Beneath this instruction is a listing; print exactly the lines in it starting at the line that contains "Белый Мерседес Sprinter, объемом" and going through the line that contains "Mootsies tootsies flats clearance".

- [Listed entries]:
_ _ _ _
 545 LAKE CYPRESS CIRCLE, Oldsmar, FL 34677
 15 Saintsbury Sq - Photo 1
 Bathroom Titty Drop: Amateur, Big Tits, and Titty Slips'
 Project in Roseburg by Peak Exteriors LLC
_ _ _ _
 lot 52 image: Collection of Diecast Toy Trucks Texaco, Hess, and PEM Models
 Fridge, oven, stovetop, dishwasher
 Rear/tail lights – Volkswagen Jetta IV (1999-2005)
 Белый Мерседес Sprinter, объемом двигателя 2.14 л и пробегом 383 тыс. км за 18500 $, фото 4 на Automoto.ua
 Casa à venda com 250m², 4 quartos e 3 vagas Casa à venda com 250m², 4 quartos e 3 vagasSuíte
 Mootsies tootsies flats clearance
_ _ _ _
- [Result of this task]:
 Белый Мерседес Sprinter, объемом двигателя 2.14 л и пробегом 383 тыс. км за 18500 $, фото 4 на Automoto.ua
 Casa à venda com 250m², 4 quartos e 3 vagas Casa à venda com 250m², 4 quartos e 3 vagasSuíte
 Mootsies tootsies flats clearance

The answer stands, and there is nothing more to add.